After the Muslim armies led by Khalid ibn al-Walid captured Bosra in the Hauran in May 634 they crossed the Jordan River to reinforce Amr as he faced a large Byzantine army. In the ensuing Battle of Ajnadayn, fought at a site 25 km southwest of Jerusalem in July or August, the Muslims under Amr's overall command routed the Byzantines. In the aftermath of Ajnadayn, Amr captured the towns of Sebastia, Nablus, Lydda, Yibna, Amwas, Bayt Jibrin and Jaffa. Most of these towns fell after minor resistance, hence the scant information available about them in the sources.

Following the decisive Muslim victory against the Byzantines at the Battle of Yarmouk (c. 636 CE), fought along the Yarmouk tributary of the Jordan River east of Palestine, Amr besieged Jerusalem, which held out until the arrival of Caliph Umar, to whom Jerusalem's leaders surrendered in c. 637 CE. The coastal towns of Gaza, Ascalon and Caesarea had continued to hold out. The commander Alqama ibn Mujazziz may have been sent against Byzantine forces in Gaza several times during and after Ajnadayn. Amr launched his conquest of Egypt from Jerusalem c. 640. Caesarea was besieged for a lengthy period and captured most likely by Mu'awiya ibn Abi Sufyan in 639, 640 or 641. Not long after, Mu'awiya captured Ascalon, completing the conquest of Palestine, most of which had been undertaken by Amr.
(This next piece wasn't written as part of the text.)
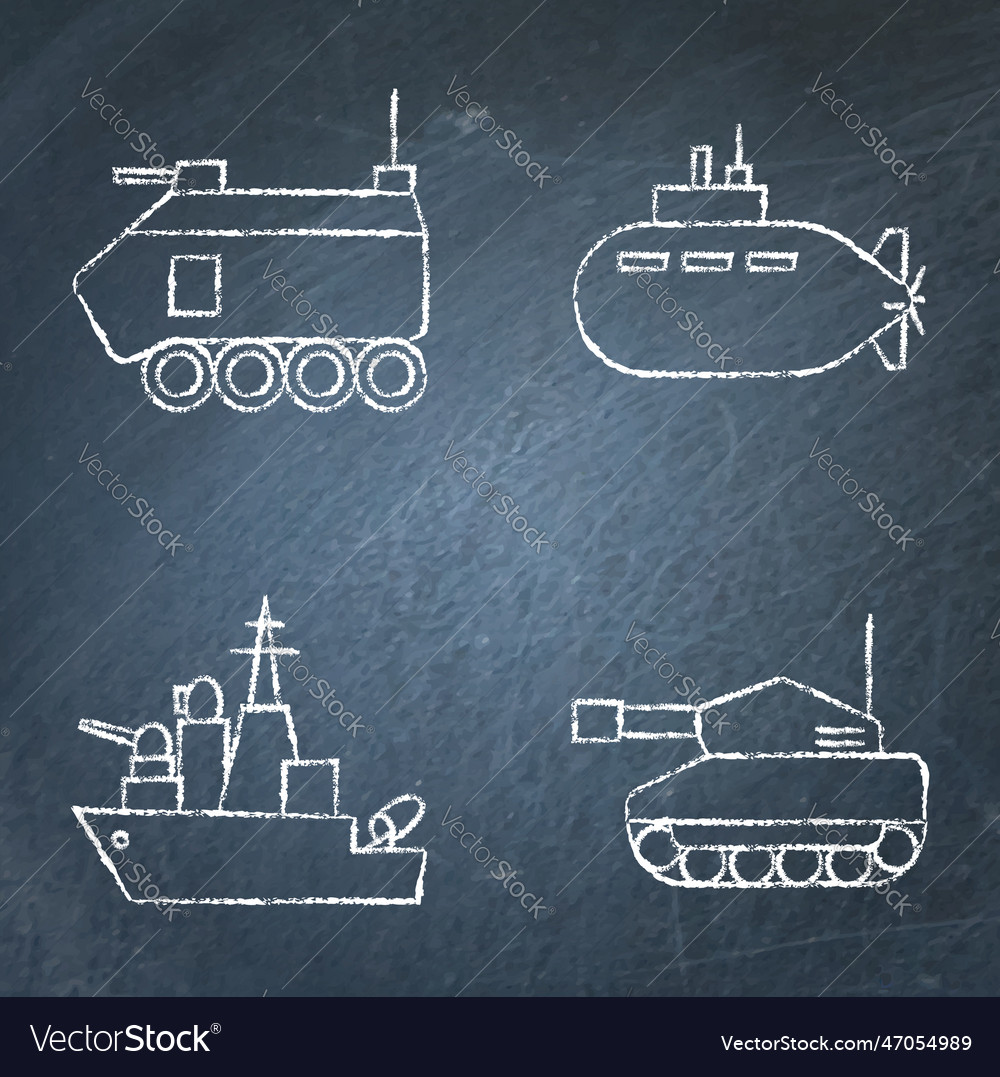 War machines icon set on chalkboard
Filastin became one of the four original junds (military districts) of al-Sham (Islamic Syria) established by Caliph Umar. In effect, the Muslims maintained the preexisting administrative organization of the Byzantine district of Palaestina Prima.

===Umayyad period===
Umayyad rule (661–750) was a relatively prosperous period for Filastin and the Umayyad caliphs invested considerably in the district's development. According to Sourdel, "Palestine was particularly honoured in the Umayyad period". The first Umayyad caliph, Mu'awiya, who held overall authority over Syria, including Palestine, from the time of Caliph Uthman, was first recognized as caliph in a ceremony in Jerusalem.

The Umayyad caliph Abd al-Malik built and repaired roads connecting the Umayyad capital at Damascus with Palestine and roads connecting Jerusalem to its eastern and western hinterlands, as evidenced by seven milestones found throughout the region, the oldest of which dates to May 692 and the latest to September 704. The milestones, all containing inscriptions crediting Abd al-Malik for the road works, were found, from north to south, in or near Fiq, Samakh, St. George's Monastery of Wadi Qelt, Khan al-Hathrura, Bab al-Wad and Abu Ghosh. The milestone found in Samakh dates to 692, the two milestones at Fiq both date to 704 and the remaining milestones are undated. The fragment of an eighth milestone, likely produced soon after Abd al-Malik's death, was found at Ein Hemed, immediately west of Abu Ghosh. The road project formed part of Abd al-Malik's centralization drive, special attention being paid to Palestine due to its critical position as a transit zone between Syria and Egypt and Jerusalem's religious centrality to the caliph.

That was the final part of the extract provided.